Theeranat Rujimethapass, president of TISCO Asset Management Co, said the SSF was a new product of the Finance Ministry in promoting long-term investment among the middle and low income groups.
“It would not lead to a sudden inflows of fund into the market, it would take time as it is not attractive as LTF,” he said.
Under the SSF, investors must hold their investment units for up to 10 years, compared with 5 years for LTF. Investment in SSF is limited at Bt200,000 a year while the investment limit in LTF was set at Bt500,000.
Young investors may prefer SSF as there is no minimum requirement, nor is annual investment required.
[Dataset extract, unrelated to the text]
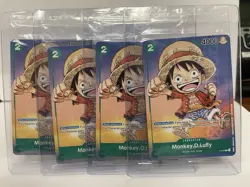 Monkey. D. Luffy (Anime Expo 2023) One Piece Promotion Cards ENGLISH SEALED X4 - Image 1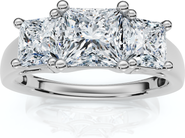Bliss Diamond 2Ct Princess Cut Diamond Engagement Ring 14k Gold Lab Grown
Those who invested in retirement mutual fund(RMF) may migrate to SSF, he said.
Investment conditions and tax incentives for RMF and SSF do not differ significantly, those who do not want to make an annual investment would prefer SSF, he added.
The Finance Ministry has revised tax incentives for RMF, limiting total tax deduction to no more than Bt500,000 a year including the tax incentives of SSF and other pensions.
Total tax deduction under the old schemes was capped at Bt1 million.
Kobsidthi Silpachai, head of capital markets research at Kasikornbank said most people would still invest in the new fund since there is not a lot of tax shields available, adding that" people will take whatever tax shield they can get their hands on”.
Analysts at the Stock Exchange of Thailand(SET) said they will calculate the impact of SSF and release the findings.
Earlier, Pakorn Peetathawatchai, president of SET, voiced concerns over liquidity if investors had to hold the investment for up to 10 years.